___ Given entries

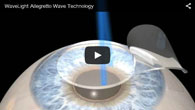 WaveLight Allegretto Wave Technology provided by ECVA Eye Care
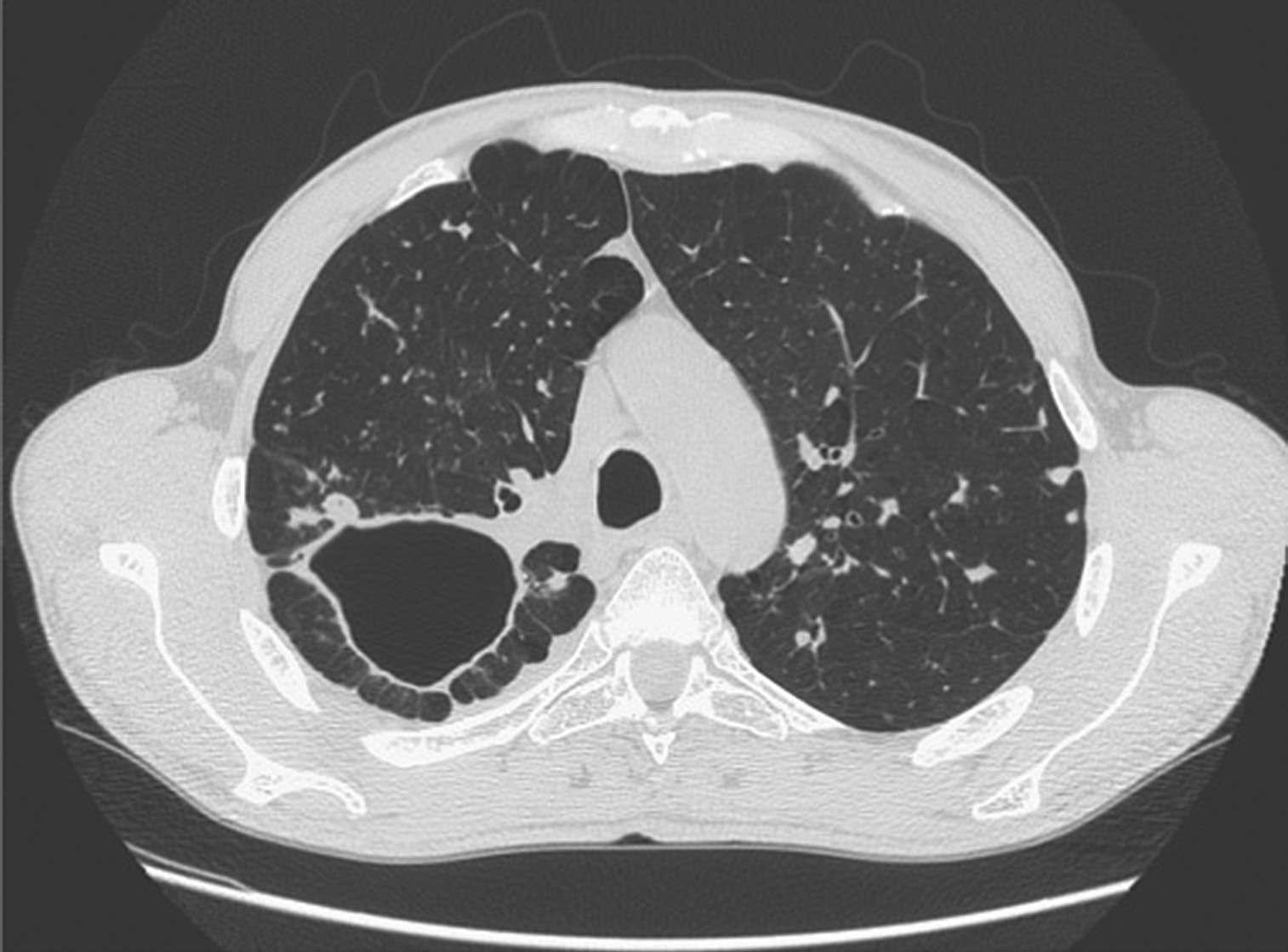 Chest radiograph showing right hilar lymph node enlargement with infiltration...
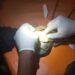 Bomberos extrajeron nuevamente un anillo a un vecino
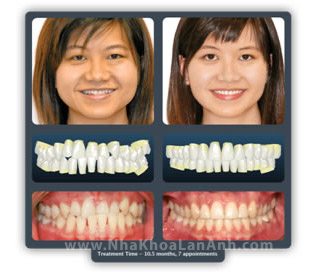 Hình: chỉnh nha cho người lớn cũng có thể đạt kết quả tốt, kể cả bằng mắc cài hay Invisalign.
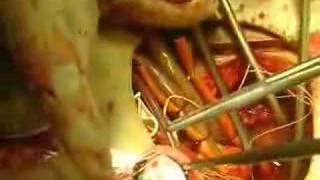 Mitral valve replacement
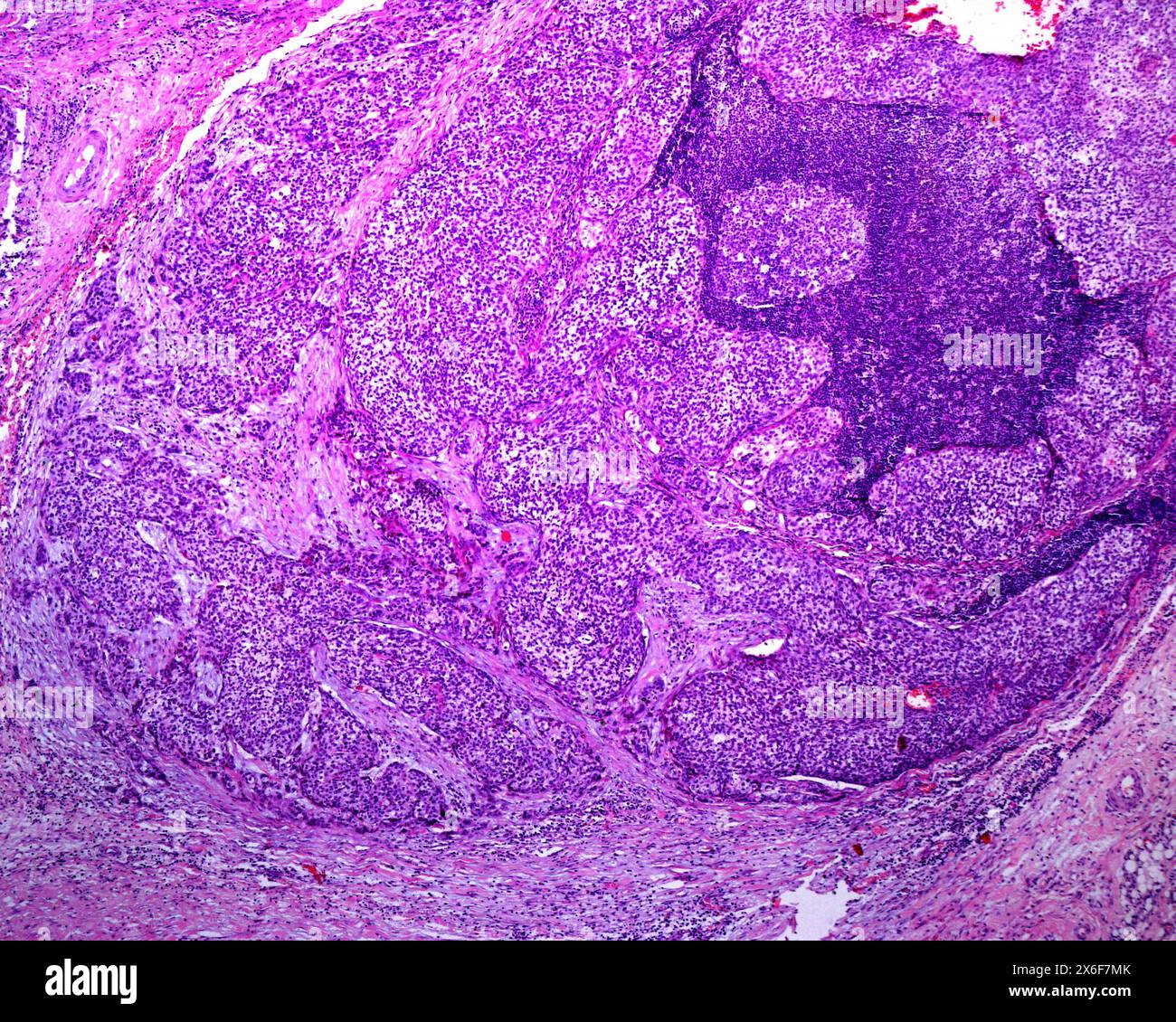 Light Micrograph Showing A Human Lymph Node Almost Completely Invaded Light Micrograph Showing A Human Lymph Node Almost Completely Invaded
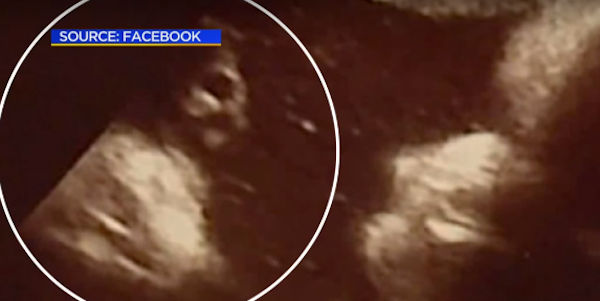 Baby's Sonogram Shows Jesus' Face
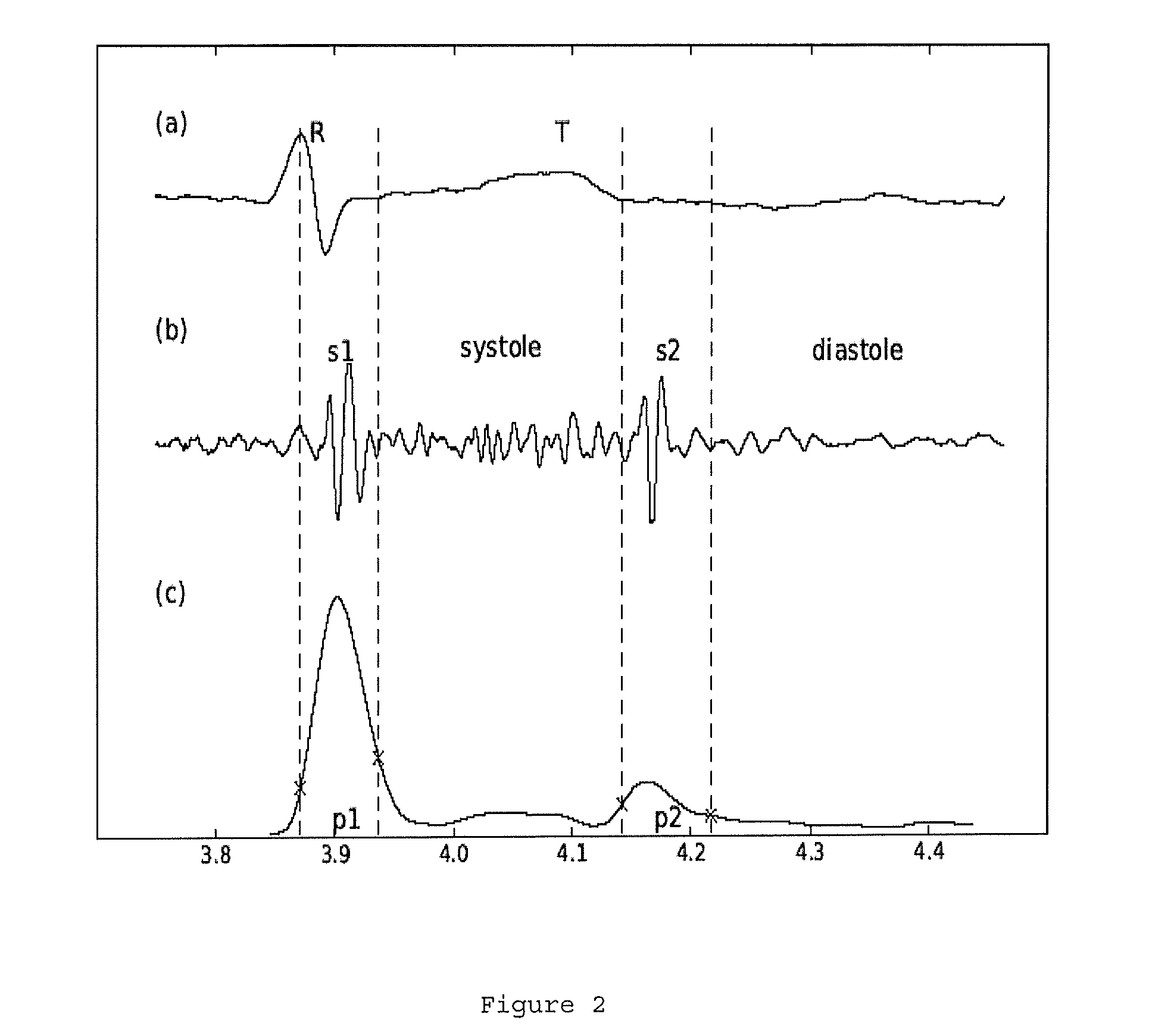 System and method for classifying a heart sound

______

### Task prompt
Only the lines from the one containing "Bomberos extrajeron nuevamente" through the final line of the data are to be written out, exactly as they stand and without pictures.

### The answer
 Bomberos extrajeron nuevamente un anillo a un vecino
 Hình: chỉnh nha cho người lớn cũng có thể đạt kết quả tốt, kể cả bằng mắc cài hay Invisalign.
 Mitral valve replacement
 Light Micrograph Showing A Human Lymph Node Almost Completely Invaded Light Micrograph Showing A Human Lymph Node Almost Completely Invaded
 Baby's Sonogram Shows Jesus' Face
 System and method for classifying a heart sound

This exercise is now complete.